— Assignment —
Though the records contain pictures, copy none of them; repeat exactly the lines from the one with "Moreover, inappropriate use" to the end.

— Saved entries —

____

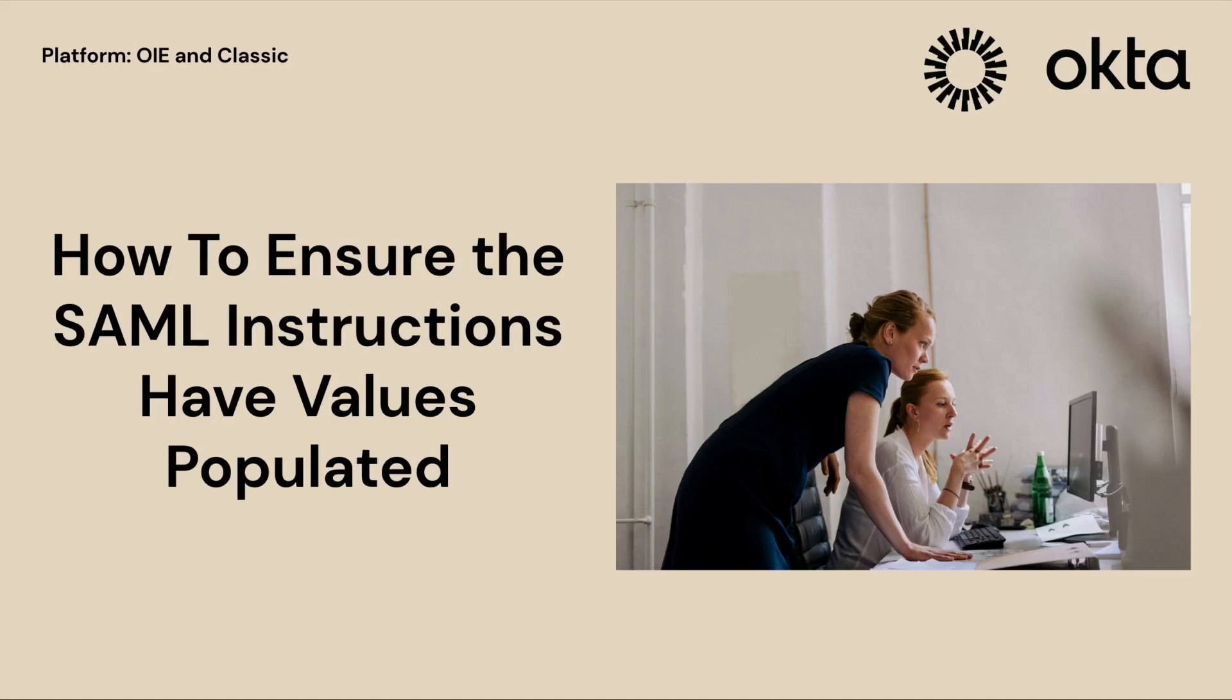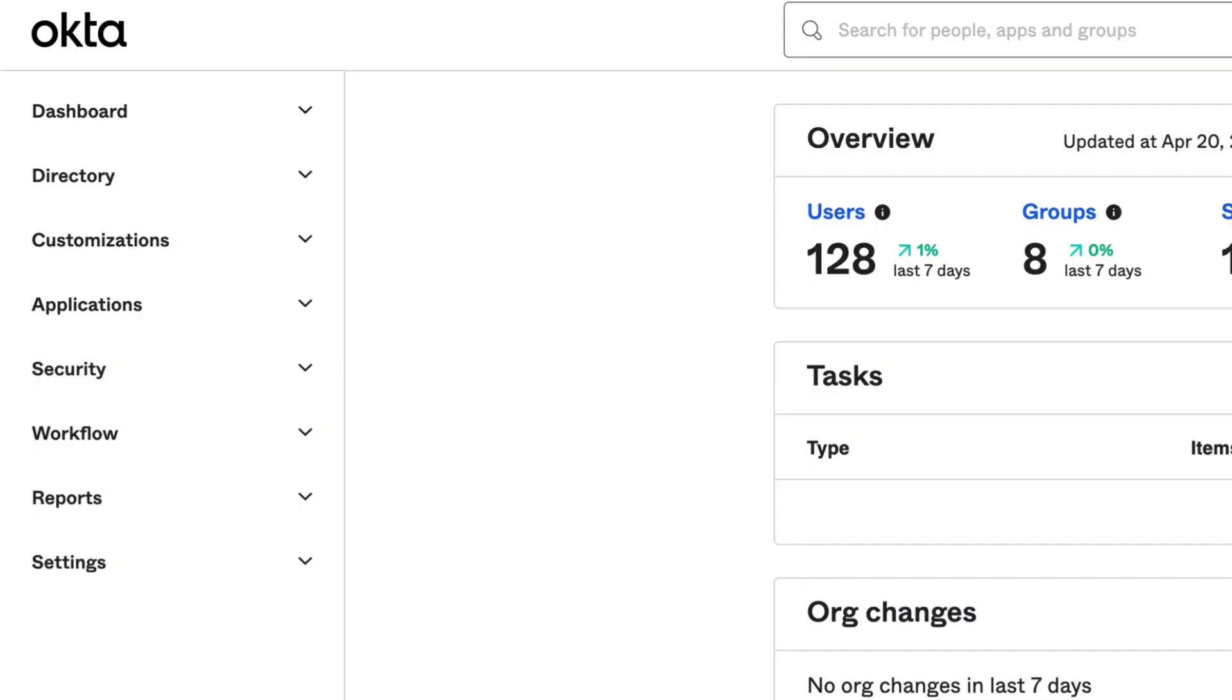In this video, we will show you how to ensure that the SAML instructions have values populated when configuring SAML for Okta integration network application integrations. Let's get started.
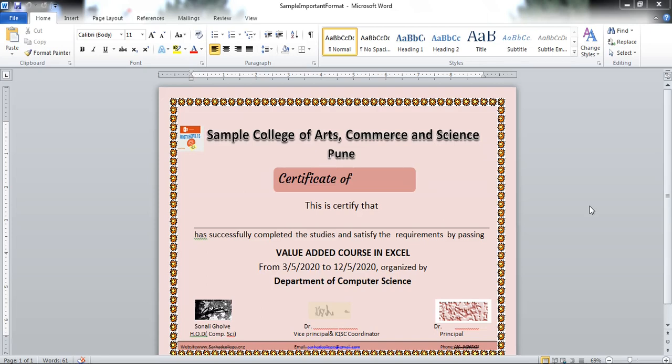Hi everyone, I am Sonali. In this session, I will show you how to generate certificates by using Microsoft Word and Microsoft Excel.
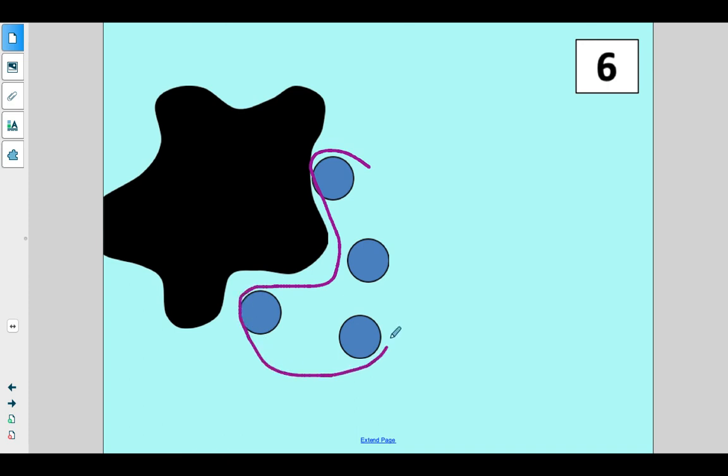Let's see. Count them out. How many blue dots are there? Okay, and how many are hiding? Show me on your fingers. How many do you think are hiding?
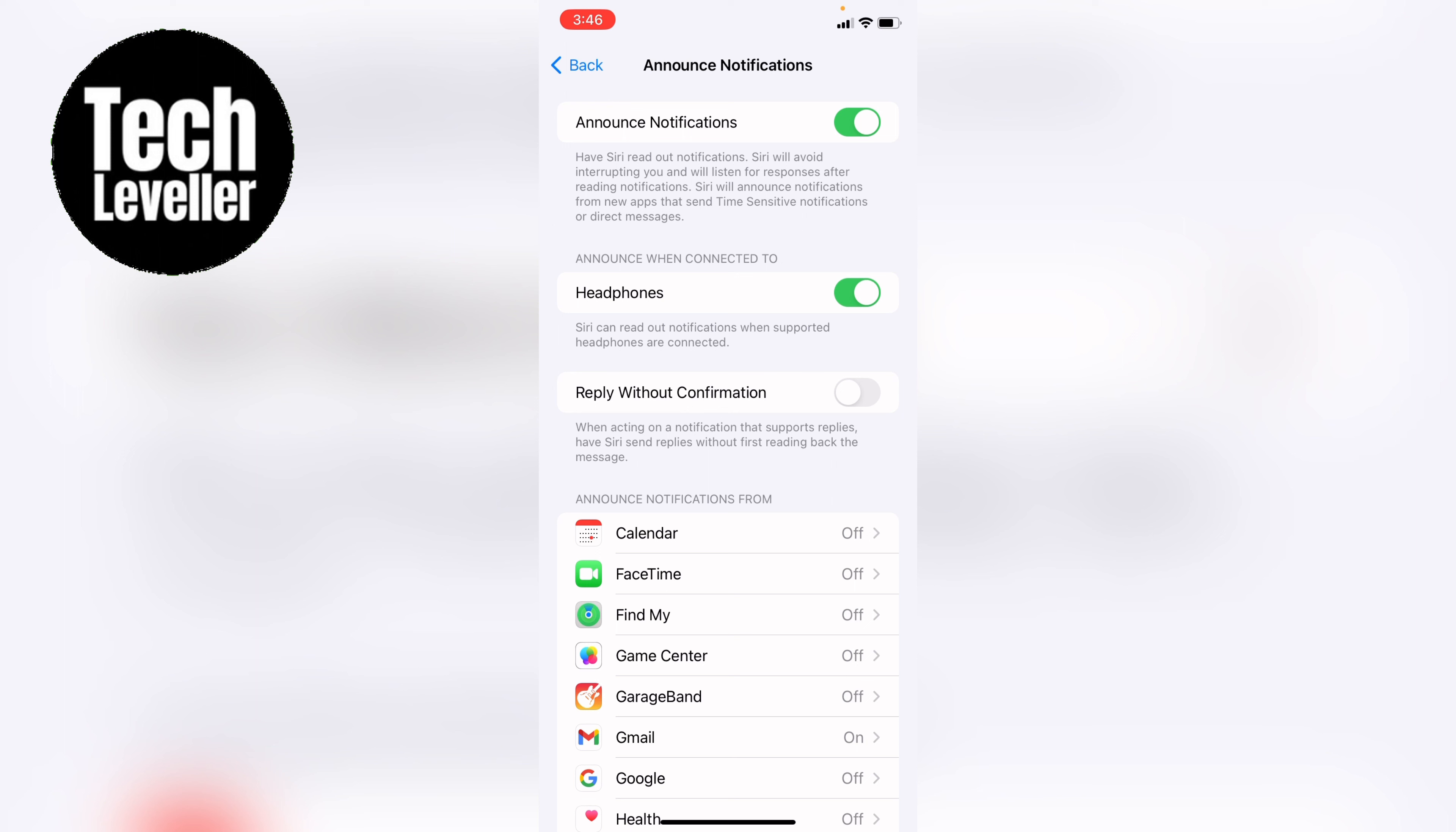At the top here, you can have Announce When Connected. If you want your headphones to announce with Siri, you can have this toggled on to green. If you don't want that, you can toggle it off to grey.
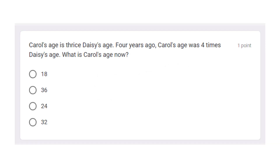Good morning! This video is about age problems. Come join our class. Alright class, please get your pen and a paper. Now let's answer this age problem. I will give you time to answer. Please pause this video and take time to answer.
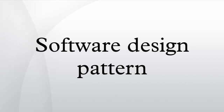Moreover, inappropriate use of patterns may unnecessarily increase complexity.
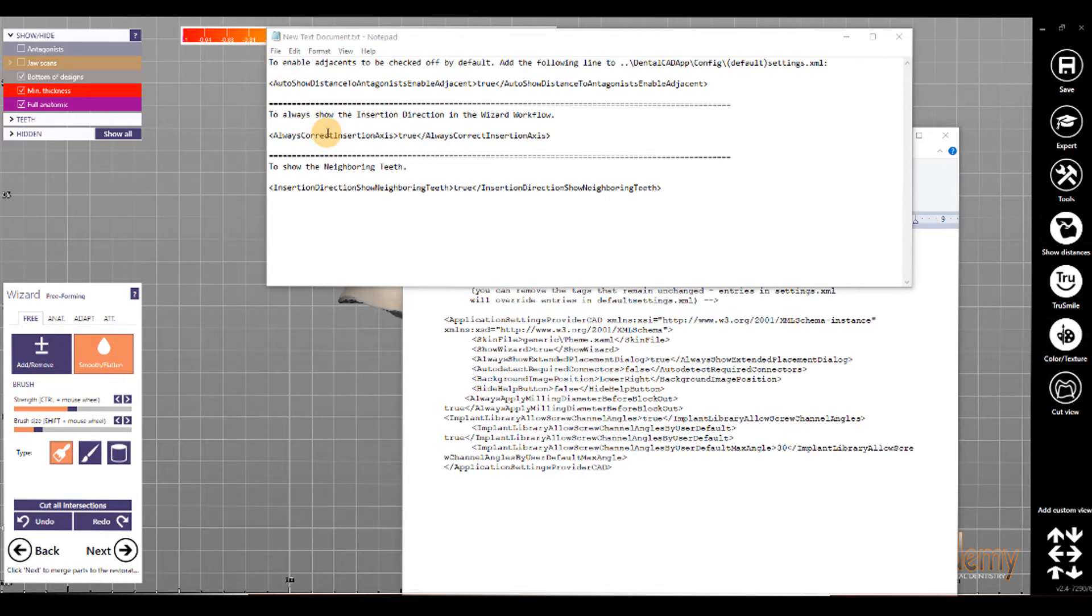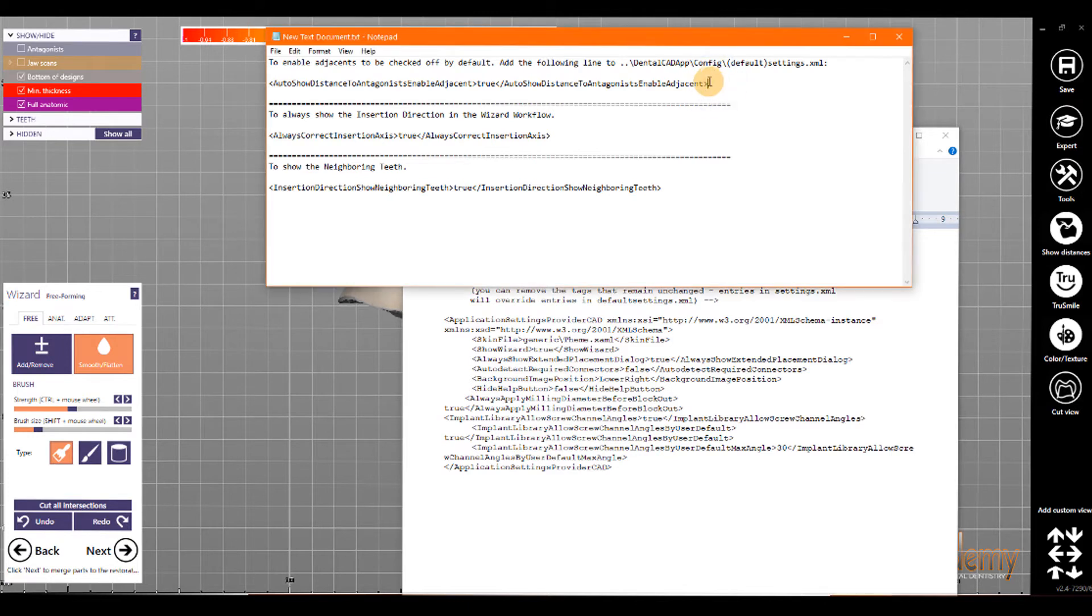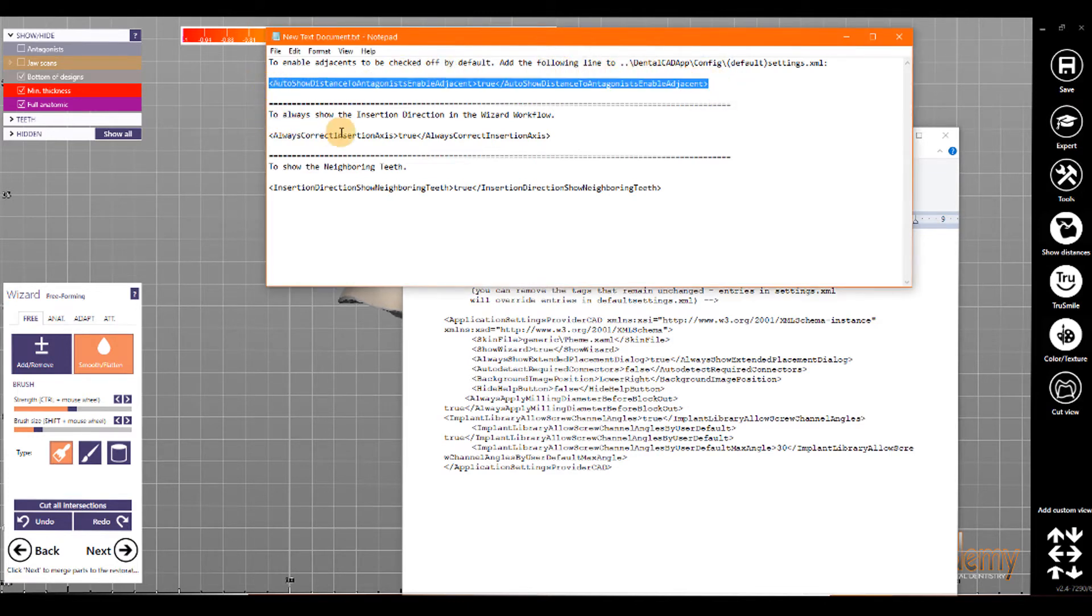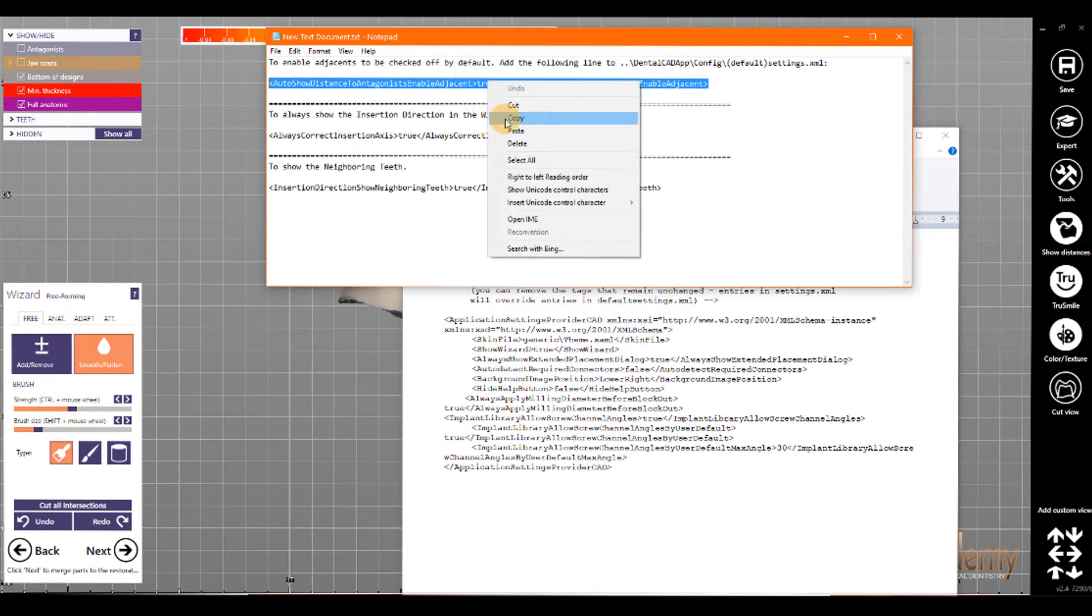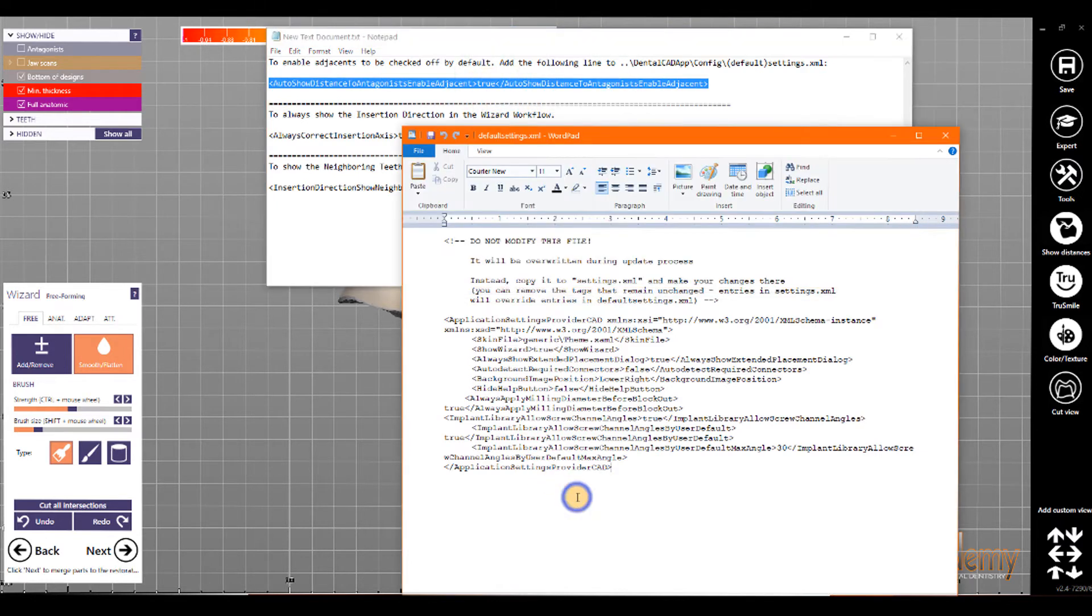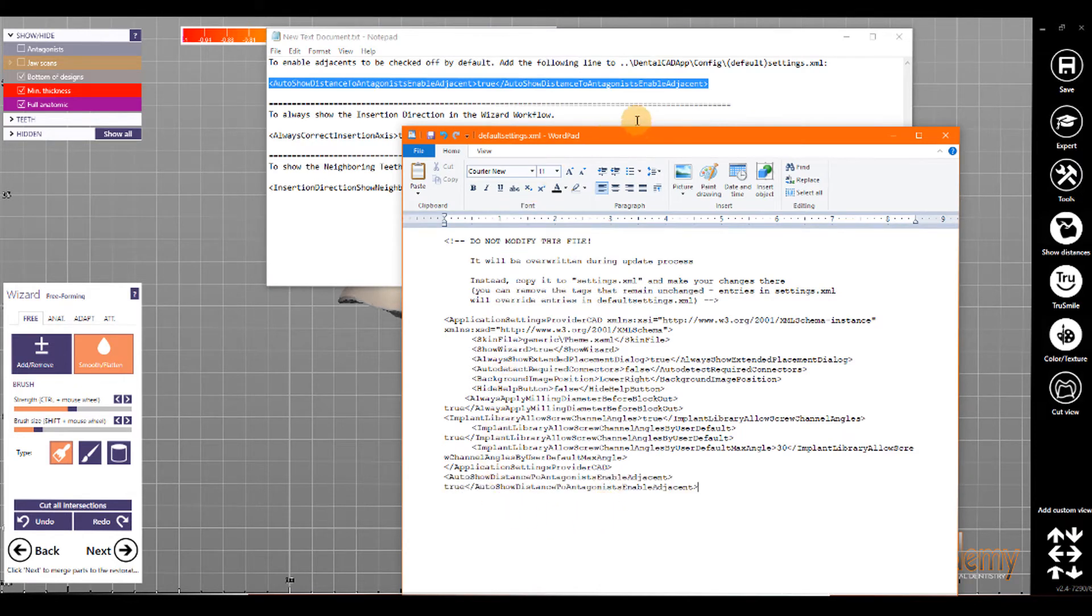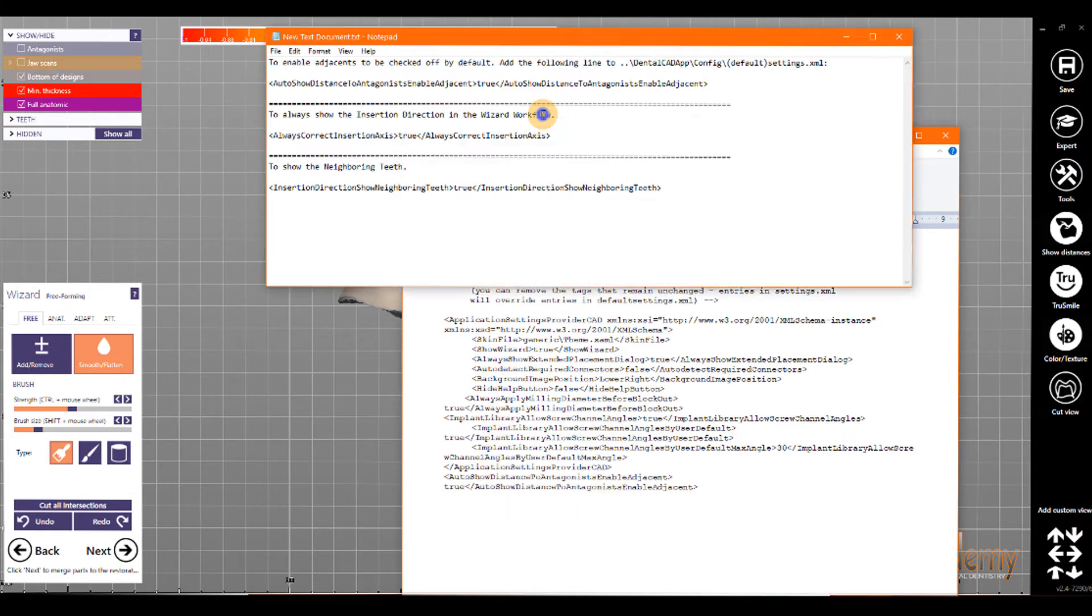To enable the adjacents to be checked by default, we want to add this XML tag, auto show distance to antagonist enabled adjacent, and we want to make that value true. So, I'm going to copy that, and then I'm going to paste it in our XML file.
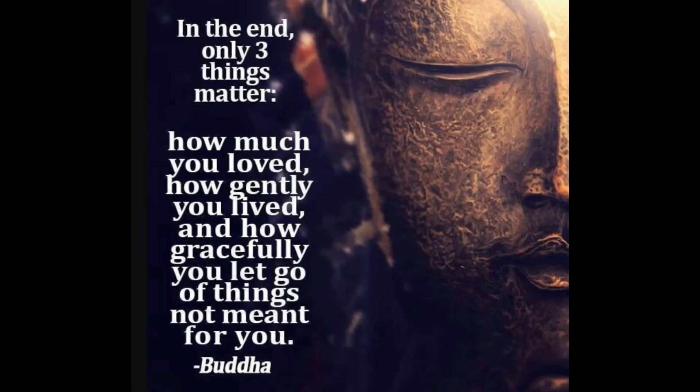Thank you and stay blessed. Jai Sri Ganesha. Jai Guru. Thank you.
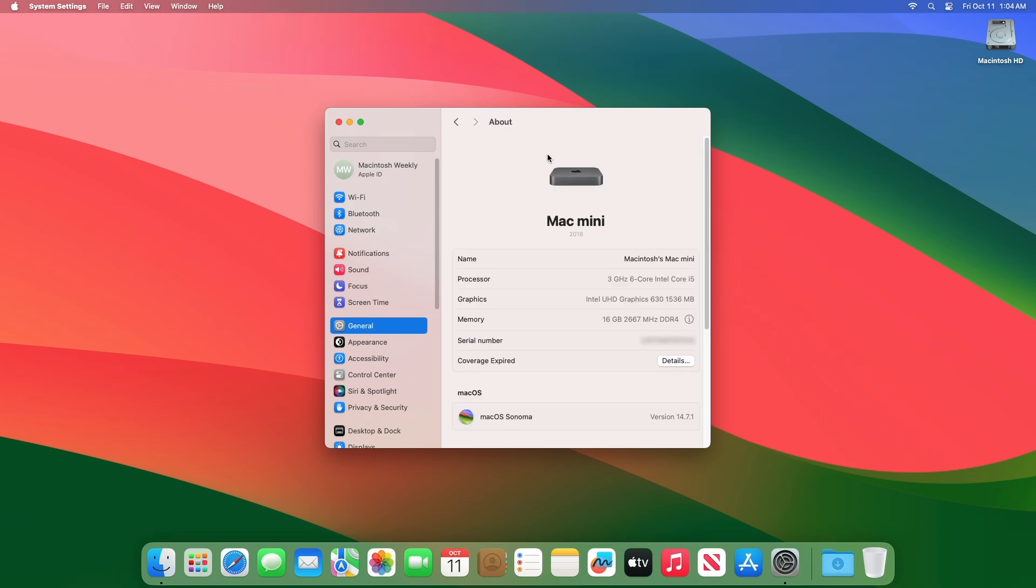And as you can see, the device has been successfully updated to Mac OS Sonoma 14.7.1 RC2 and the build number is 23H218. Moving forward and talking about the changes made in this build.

____

— Answer to the exercise —
Moreover, inappropriate use of patterns may unnecessarily increase complexity.
To enable the adjacents to be checked by default, we want to add this XML tag, auto show distance to antagonist enabled adjacent, and we want to make that value true. So, I'm going to copy that, and then I'm going to paste it in our XML file.
Thank you and stay blessed. Jai Sri Ganesha. Jai Guru. Thank you.
And as you can see, the device has been successfully updated to Mac OS Sonoma 14.7.1 RC2 and the build number is 23H218. Moving forward and talking about the changes made in this build.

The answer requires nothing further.